On July 7 and by surprise, since even its creator was planning to launch one more Release Candidate, Linus Torvalds released Linux 5.2. The new version of the kernel, now available in Ubuntu 19.10, includes important news such as a improved support for Logitech wireless hardware or support for skip upper and lower case in the EXT4 file system, but the development of the Linux kernel does not stop and they are already preparing the release of Linux 5.3 with an interesting novelty: the support for the Intel Speed Select technology.
Some user was probably surprised to see that this week there was no Linux 5.3-rc1, but it is normal. In the weeks following the release of a major Linux kernel update, the pull requests window opens, and when they gather the necessary stuff, Torvalds releases the first Release Candidate of the new version. At the moment, little is known about the news that will arrive with Linux 5.3, but it is known that it will include support for the ISS mentioned above.
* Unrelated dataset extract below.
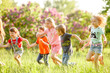 © Andrey - A group of happy children of boys and girls run in the Park on the grass on a Sunny summer day . The concept of ethnic friendship, peace, kindness, childhood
Intel Speed Select allows to separate processes by cores
Intel Speed Select (ISS, a different one than the International Space Station) was introduced as part of the processors Cascade Lake and it's about a technology that allows you to optimize your system with performance settings per core to prioritize some workloads while lowering the performance of other cores. Linux 5.3 will include support for this technology, so computers with such processors will be able to better manage performance and power when the next version of the Linux kernel is officially released.
The Intel SST driver allows a performance profile, an interface to define priority per core, an interface to control the base frequency of given cores, and support for setting different turbo ratio limits of all cores based on priority.
La Linux 5.3 official release date has yet to be revealed, but it will take place between the end of September and the beginning of October.